The Rate of Interest
2 minutes • 261 words
It is commonly supposed that the premium of interest depends on the value of gold and silver. The value of these are regulated by their quantity. As the quantity increases, the value diminishes. As the quantity decreases, the value rises.
However, the premium of interest is regulated by the quantity of stock.
Around the time of the discovery of the West Indies, the common interest was at 10% or 12%. Since that time, it has gradually diminished.
Under the feudal constitution, stock could not be accumulated:
- The peasants had leases which depended on their masters’ caprice. They could never increase in wealth because the landlord was ready to squeeze it all from them. Therefore, they had no motive to acquire it.
- The landlords’ wealth could only be increased a little as they were indolent and involved in perpetual wars.
- The merchants were again oppressed by all ranks. They were not able to secure the produce of their industry from rapine and violence.
But after the fall of the feudal government, these obstacles to industry were removed.

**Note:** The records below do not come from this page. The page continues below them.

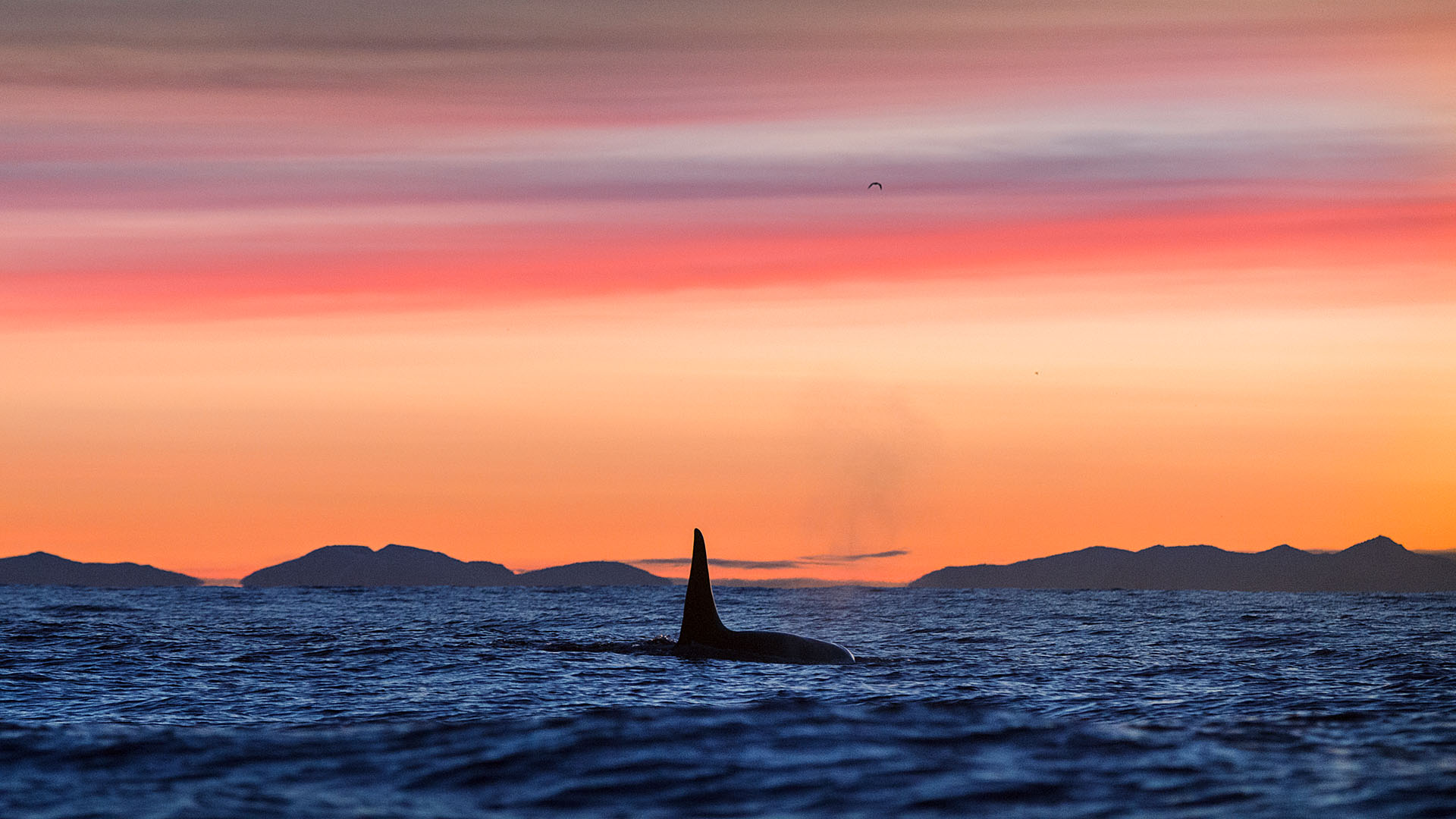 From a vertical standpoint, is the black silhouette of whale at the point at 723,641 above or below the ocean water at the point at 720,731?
above

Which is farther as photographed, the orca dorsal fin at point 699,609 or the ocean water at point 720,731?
the orca dorsal fin at point 699,609

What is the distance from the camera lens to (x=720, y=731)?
50.6 ft

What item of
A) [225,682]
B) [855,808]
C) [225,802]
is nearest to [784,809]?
[855,808]

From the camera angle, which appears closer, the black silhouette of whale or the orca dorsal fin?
the black silhouette of whale

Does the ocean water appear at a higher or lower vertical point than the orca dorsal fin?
lower

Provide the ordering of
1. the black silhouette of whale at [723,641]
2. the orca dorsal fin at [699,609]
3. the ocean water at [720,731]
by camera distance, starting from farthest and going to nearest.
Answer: the orca dorsal fin at [699,609] → the black silhouette of whale at [723,641] → the ocean water at [720,731]

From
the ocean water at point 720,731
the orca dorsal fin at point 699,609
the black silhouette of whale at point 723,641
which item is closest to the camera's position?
the ocean water at point 720,731

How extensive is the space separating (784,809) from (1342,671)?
21.4 meters

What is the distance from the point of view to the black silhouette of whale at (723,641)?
29797 mm

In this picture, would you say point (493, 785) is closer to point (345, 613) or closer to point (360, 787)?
point (360, 787)

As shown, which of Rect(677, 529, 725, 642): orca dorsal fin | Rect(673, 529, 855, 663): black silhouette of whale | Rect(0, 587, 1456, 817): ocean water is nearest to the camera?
Rect(0, 587, 1456, 817): ocean water

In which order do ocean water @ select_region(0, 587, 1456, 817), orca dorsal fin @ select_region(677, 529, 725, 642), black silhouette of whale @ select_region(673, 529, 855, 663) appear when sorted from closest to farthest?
1. ocean water @ select_region(0, 587, 1456, 817)
2. black silhouette of whale @ select_region(673, 529, 855, 663)
3. orca dorsal fin @ select_region(677, 529, 725, 642)

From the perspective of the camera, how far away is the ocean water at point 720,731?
11672 mm

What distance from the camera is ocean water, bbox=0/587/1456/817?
1167 centimetres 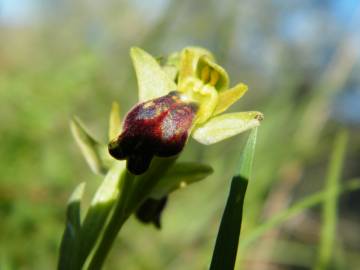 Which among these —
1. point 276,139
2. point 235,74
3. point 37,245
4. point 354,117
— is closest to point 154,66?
point 37,245

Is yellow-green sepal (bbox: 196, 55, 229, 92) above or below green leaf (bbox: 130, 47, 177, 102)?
above

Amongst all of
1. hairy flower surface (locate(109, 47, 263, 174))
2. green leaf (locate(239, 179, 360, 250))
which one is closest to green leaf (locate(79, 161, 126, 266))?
hairy flower surface (locate(109, 47, 263, 174))

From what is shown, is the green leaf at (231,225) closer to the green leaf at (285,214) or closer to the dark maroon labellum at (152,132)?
the dark maroon labellum at (152,132)

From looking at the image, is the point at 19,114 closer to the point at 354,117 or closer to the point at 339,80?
the point at 339,80

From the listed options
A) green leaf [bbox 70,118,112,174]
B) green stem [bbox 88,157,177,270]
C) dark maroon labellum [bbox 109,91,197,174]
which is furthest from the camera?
green leaf [bbox 70,118,112,174]

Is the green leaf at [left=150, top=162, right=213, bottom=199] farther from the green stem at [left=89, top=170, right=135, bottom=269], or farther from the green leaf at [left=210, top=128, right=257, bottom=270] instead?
the green leaf at [left=210, top=128, right=257, bottom=270]

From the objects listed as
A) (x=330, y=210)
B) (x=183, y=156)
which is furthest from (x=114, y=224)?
(x=183, y=156) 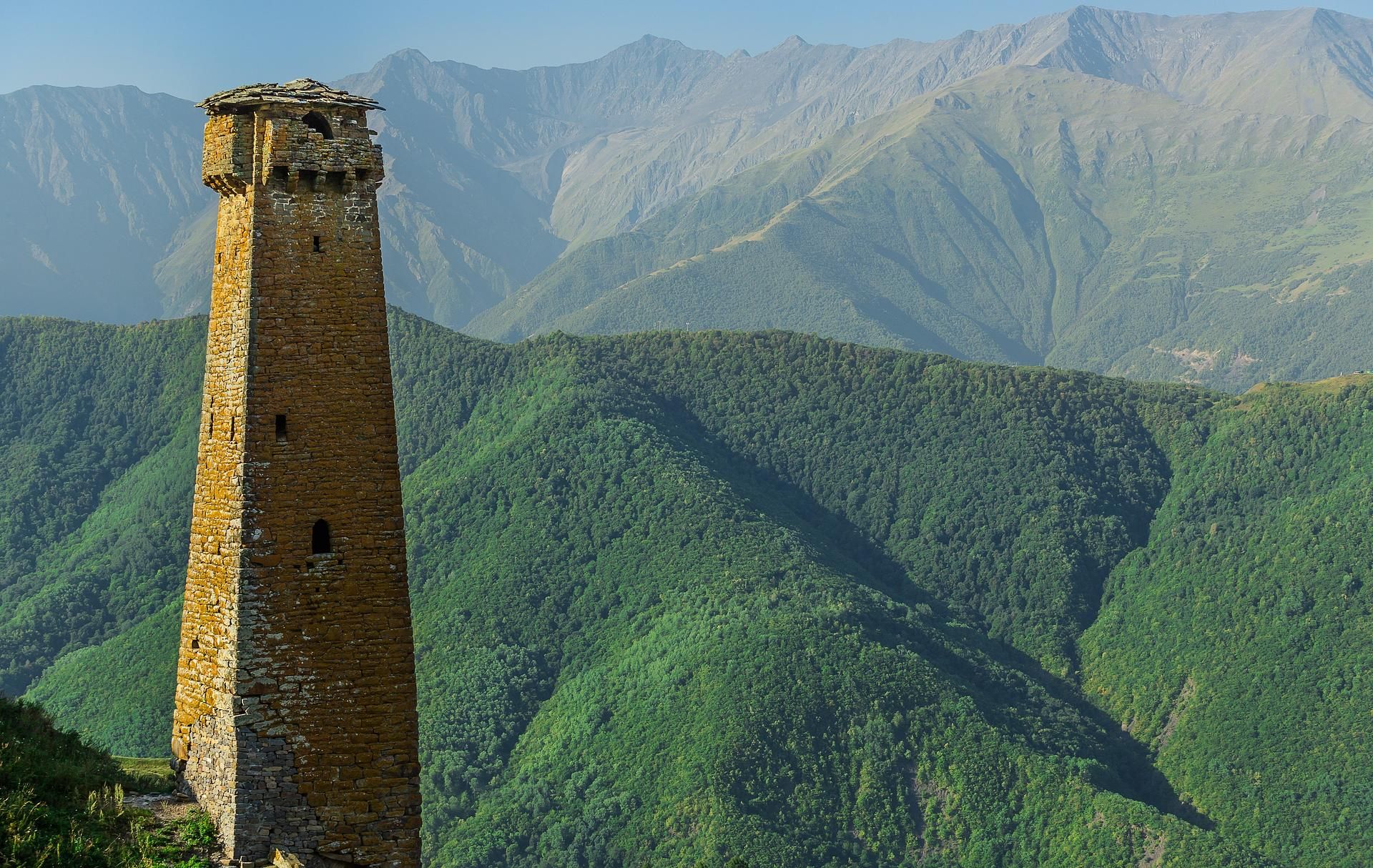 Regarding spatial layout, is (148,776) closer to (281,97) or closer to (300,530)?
(300,530)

The stock of commodities began to increase gradually.
A loan is usually done in money. But this is immediately turned into stock, and thus it is the quantity of stock that enables you to make more loans.
The rate of interest is entirely regulated by this circumstance.
If there were so many borrowers but only a few lenders then interest would be high. But if the amount of stock on hand were so great as to enable many to lend, then it would fall proportionably.